Kurz bevor das Transferfenster in den europäischen Topligen schließt, weht noch einmal ordentlich Wind hinein und hinaus

Donnerstag, 1. September 2022: Die Reporter von Sky haben sich übers Land vor die Bundesliga--Geschäftsstellen der Republik verteilt. Sie leisten gemeinsam mit den Transferexperten im Studio gute Fleißarbeit am „Deadline Day“ - jenem mit reichlich Erregtheit, Dramatik und tatsächlichen Top-News aufgeblasenen Tag, an dem gezockt wird, dass sich die Balken biegen, an dem Profis die Nerven verlieren und ultimativ ihren Wechsel fordern und Klubs noch hoffen, billig einkaufen gehen zu können oder ihre üppigen Kader zu verschmälern, weil das Transferfenster der führenden europäischen Ligen bis zum 31. Dezember schließt. Von arbeitslosen Ladenhütern mal abgesehen.

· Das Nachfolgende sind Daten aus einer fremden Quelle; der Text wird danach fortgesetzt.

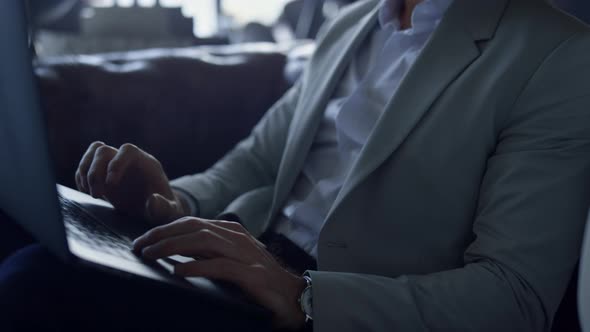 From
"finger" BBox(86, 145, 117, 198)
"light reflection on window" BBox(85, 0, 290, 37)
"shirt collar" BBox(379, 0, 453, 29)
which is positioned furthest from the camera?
"light reflection on window" BBox(85, 0, 290, 37)

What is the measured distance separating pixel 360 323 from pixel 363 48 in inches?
23.8

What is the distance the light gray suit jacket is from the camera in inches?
24.4

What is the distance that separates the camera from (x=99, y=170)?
731 mm

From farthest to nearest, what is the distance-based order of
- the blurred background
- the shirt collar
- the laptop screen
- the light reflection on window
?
the light reflection on window → the blurred background → the shirt collar → the laptop screen

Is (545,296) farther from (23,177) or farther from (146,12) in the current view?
(146,12)

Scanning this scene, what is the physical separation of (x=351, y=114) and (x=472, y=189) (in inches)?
11.1

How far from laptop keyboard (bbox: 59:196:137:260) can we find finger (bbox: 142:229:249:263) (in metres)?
0.03

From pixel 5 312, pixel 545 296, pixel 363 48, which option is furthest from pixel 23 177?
pixel 363 48

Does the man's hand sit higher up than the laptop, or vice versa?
the laptop

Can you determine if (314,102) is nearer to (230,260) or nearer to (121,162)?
(121,162)

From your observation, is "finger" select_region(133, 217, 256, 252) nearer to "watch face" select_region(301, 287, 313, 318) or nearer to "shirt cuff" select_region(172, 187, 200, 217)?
"watch face" select_region(301, 287, 313, 318)

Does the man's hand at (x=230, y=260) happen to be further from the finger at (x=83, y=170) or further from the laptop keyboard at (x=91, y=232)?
the finger at (x=83, y=170)

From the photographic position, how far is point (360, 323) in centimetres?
60

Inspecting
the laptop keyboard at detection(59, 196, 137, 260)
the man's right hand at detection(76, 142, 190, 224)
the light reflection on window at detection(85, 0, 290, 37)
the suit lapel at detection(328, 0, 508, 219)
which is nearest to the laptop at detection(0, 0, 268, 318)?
the laptop keyboard at detection(59, 196, 137, 260)
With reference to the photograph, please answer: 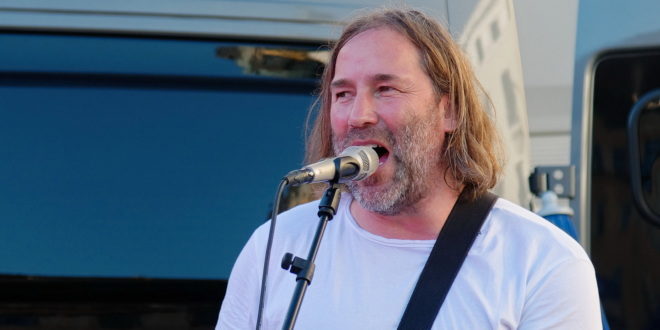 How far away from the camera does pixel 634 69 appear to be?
323 cm

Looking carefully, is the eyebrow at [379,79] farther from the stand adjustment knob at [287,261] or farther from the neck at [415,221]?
the stand adjustment knob at [287,261]

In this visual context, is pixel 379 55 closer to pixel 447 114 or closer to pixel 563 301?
pixel 447 114

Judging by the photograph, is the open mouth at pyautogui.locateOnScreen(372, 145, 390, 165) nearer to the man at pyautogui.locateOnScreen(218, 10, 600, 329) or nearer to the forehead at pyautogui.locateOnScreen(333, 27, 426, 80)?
the man at pyautogui.locateOnScreen(218, 10, 600, 329)

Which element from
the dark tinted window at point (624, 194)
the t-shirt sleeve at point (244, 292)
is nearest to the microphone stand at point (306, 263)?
the t-shirt sleeve at point (244, 292)

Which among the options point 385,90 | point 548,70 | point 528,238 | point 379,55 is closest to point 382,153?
point 385,90

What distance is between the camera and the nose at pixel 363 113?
253cm

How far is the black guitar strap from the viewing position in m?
2.42

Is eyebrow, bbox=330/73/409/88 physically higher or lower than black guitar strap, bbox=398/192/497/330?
higher

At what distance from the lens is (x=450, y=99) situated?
279cm

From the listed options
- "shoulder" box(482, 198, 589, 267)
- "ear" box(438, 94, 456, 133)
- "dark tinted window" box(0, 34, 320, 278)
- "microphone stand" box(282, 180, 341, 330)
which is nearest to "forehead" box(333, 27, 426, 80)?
"ear" box(438, 94, 456, 133)

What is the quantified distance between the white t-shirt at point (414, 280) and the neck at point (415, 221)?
1.3 inches

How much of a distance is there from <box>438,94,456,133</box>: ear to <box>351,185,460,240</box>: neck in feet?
0.61

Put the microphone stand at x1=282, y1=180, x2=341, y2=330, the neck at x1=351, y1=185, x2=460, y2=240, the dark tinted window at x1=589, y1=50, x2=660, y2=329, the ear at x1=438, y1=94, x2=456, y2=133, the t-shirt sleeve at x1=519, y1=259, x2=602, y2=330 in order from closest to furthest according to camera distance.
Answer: the microphone stand at x1=282, y1=180, x2=341, y2=330
the t-shirt sleeve at x1=519, y1=259, x2=602, y2=330
the neck at x1=351, y1=185, x2=460, y2=240
the ear at x1=438, y1=94, x2=456, y2=133
the dark tinted window at x1=589, y1=50, x2=660, y2=329

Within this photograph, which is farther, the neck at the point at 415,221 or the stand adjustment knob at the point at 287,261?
the neck at the point at 415,221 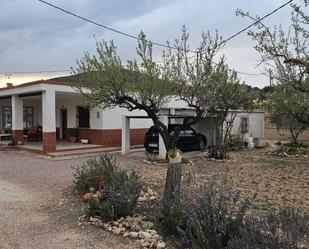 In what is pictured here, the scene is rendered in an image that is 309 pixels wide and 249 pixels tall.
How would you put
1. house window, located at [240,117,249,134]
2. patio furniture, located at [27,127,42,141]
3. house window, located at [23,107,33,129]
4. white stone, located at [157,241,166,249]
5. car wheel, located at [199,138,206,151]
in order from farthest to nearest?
house window, located at [240,117,249,134], house window, located at [23,107,33,129], patio furniture, located at [27,127,42,141], car wheel, located at [199,138,206,151], white stone, located at [157,241,166,249]

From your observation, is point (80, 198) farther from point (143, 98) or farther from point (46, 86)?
point (46, 86)

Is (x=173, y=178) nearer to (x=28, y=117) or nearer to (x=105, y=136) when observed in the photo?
(x=105, y=136)

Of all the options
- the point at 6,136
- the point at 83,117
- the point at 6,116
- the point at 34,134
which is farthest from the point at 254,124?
the point at 6,116

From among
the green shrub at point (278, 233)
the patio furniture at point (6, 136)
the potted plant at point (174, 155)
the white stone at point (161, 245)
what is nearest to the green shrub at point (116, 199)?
Answer: the potted plant at point (174, 155)

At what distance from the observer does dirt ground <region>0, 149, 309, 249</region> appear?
19.0 ft

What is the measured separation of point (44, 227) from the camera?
6414 millimetres

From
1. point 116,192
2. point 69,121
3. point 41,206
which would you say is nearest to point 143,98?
point 116,192

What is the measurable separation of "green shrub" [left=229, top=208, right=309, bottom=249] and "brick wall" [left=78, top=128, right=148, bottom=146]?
689 inches

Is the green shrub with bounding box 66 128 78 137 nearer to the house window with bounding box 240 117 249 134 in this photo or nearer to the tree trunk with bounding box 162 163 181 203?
the house window with bounding box 240 117 249 134

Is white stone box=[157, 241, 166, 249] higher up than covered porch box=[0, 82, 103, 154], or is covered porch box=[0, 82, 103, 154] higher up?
covered porch box=[0, 82, 103, 154]

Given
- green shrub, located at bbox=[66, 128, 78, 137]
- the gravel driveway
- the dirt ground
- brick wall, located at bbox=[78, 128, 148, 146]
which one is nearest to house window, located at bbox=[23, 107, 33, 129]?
green shrub, located at bbox=[66, 128, 78, 137]

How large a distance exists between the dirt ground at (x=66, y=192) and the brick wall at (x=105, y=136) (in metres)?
4.29

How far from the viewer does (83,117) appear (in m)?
22.7

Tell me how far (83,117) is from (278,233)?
777 inches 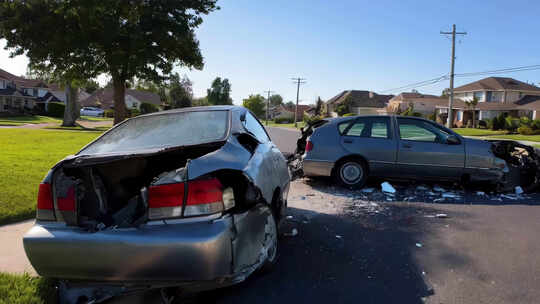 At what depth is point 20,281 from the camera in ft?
11.0

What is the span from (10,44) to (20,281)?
26.0 m

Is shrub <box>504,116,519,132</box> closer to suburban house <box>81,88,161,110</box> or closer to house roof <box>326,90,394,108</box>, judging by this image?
house roof <box>326,90,394,108</box>

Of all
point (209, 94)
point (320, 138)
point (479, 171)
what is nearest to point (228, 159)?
point (320, 138)

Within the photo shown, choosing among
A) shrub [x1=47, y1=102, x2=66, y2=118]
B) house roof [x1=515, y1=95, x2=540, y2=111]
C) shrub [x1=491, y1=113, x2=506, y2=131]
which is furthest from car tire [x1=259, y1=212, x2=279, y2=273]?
house roof [x1=515, y1=95, x2=540, y2=111]

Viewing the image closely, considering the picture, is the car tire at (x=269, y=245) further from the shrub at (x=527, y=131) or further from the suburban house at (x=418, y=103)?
the suburban house at (x=418, y=103)

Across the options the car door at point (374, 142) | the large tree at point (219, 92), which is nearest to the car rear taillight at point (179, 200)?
the car door at point (374, 142)

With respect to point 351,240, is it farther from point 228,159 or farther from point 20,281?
point 20,281

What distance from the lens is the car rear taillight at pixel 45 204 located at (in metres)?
2.90

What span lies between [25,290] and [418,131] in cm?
687

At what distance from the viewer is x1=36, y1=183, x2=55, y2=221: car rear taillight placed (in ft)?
9.51

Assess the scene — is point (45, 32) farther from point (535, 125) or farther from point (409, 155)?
point (535, 125)

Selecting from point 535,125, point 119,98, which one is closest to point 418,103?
point 535,125

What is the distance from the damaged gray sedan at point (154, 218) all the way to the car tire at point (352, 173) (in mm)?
4247

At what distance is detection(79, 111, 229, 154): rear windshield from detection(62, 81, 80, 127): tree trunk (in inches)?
1315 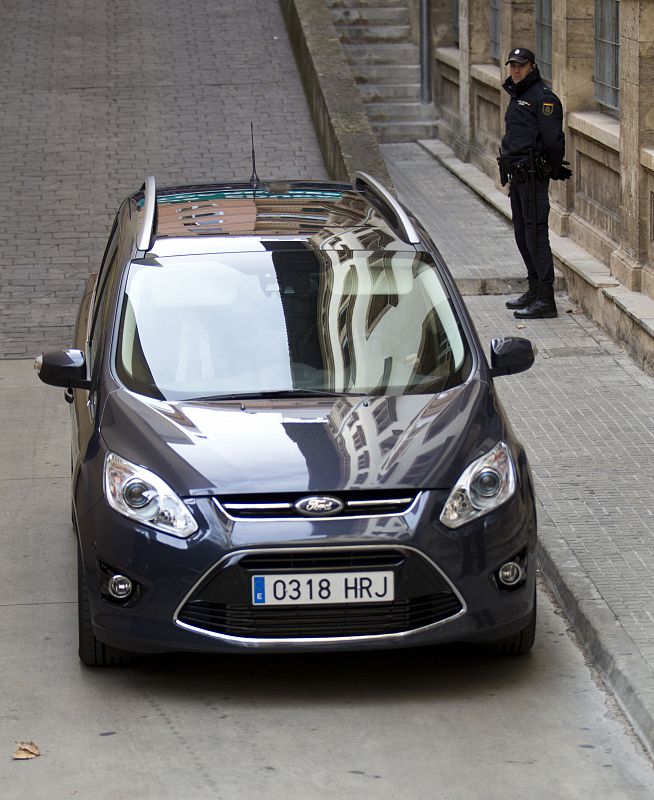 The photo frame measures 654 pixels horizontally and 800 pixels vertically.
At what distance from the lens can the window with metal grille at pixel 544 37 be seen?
15.4m

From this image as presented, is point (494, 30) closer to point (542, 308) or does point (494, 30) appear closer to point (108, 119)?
point (108, 119)

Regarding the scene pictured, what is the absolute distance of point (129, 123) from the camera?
17719mm

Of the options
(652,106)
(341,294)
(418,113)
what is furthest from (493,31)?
(341,294)

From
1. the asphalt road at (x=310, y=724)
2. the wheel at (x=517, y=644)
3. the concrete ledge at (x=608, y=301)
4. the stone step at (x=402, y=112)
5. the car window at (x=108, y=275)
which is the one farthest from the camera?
the stone step at (x=402, y=112)

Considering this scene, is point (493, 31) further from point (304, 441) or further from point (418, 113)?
point (304, 441)

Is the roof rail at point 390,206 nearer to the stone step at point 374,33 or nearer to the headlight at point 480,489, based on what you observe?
the headlight at point 480,489

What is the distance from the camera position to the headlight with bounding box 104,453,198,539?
5543 mm

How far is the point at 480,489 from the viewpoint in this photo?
571 cm

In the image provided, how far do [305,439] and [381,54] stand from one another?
16625 mm

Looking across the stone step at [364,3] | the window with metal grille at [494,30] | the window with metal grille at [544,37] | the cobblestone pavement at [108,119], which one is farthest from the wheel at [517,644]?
the stone step at [364,3]

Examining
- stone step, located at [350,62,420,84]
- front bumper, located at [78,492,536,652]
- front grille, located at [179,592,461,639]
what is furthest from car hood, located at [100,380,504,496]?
stone step, located at [350,62,420,84]

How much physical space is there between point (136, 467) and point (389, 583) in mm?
→ 1043

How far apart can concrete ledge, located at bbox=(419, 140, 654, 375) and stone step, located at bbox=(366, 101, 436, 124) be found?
25.0 feet

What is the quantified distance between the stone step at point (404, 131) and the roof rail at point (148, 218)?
13798 mm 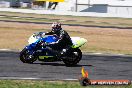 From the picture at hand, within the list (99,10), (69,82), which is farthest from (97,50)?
(99,10)

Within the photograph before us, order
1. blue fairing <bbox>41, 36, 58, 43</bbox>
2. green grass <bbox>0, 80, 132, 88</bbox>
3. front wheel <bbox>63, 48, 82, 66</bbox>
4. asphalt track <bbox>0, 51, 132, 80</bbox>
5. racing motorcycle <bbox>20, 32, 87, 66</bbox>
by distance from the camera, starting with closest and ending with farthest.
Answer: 1. green grass <bbox>0, 80, 132, 88</bbox>
2. asphalt track <bbox>0, 51, 132, 80</bbox>
3. racing motorcycle <bbox>20, 32, 87, 66</bbox>
4. blue fairing <bbox>41, 36, 58, 43</bbox>
5. front wheel <bbox>63, 48, 82, 66</bbox>

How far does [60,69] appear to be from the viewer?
1620 centimetres

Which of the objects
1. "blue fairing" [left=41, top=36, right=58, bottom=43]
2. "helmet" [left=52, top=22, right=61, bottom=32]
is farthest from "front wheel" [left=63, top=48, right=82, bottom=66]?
"helmet" [left=52, top=22, right=61, bottom=32]

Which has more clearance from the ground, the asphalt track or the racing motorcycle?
the racing motorcycle

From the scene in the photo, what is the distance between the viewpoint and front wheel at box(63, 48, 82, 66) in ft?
56.0

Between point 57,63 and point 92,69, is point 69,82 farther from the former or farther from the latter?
point 57,63

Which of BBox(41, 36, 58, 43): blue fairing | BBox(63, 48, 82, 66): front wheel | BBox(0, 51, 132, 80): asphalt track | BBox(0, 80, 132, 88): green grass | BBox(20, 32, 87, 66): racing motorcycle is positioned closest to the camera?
BBox(0, 80, 132, 88): green grass

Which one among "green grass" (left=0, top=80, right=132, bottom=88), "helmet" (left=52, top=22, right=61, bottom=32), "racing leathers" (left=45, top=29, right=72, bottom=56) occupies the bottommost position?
"green grass" (left=0, top=80, right=132, bottom=88)

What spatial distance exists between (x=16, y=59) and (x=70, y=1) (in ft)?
240

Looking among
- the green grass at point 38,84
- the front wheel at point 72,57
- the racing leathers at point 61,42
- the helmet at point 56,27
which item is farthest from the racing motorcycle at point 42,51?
the green grass at point 38,84

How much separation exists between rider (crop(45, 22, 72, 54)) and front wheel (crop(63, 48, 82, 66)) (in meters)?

Marlon Irlbacher meldet sich aus der Hennes-Weisweiler-Allee in Mönchengladbach. Gerade sei Volker Struth, der hochdekorierte Berater von Julian Weigl, freundlich grüßend in die Geschäftsstelle gestiefelt. Alles unter Dach und Fach: Weigl von Benfica (für den Julian Draxler kommt) zu den Fohlen. „Richtig spannender Transfer“, befindet Irlbacher.

Dirk Schlarmann steht vor der Geschäftsstelle von Schalke 04 im Ernst-Kuzorra-Weg, er muss gleich weiter nach Bochum zur Pressekonferenz. Vorher schnell noch die Info, dass der im Unterhalt viel zu teure Amine Harit vor einem Wechsel zu Olympique Marseille steht. Endlich. In letzter Minute. „Eine kaumgummiartige Geschichte“, sagt Schlarmann und hat gleich noch ein „irres Gerücht, das ich gerade erst bekommen habe“ parat: Geht Sebastian Polter, gerade erst von Schalke aus Bochum verpflichtet, gleich weiter zum VfB Stuttgart? Dennis Bayer, der sich in der Mercedesstraße beim VfB platziert hat, kann das nicht bestätigen. Dafür hat Bayer den in Stuttgart nicht mehr benötigten Mateo Klimowicz „mit einer durchsichtigen Plastiktüte“ auf dem Weg nach Bielefeld im Hof aufgespürt.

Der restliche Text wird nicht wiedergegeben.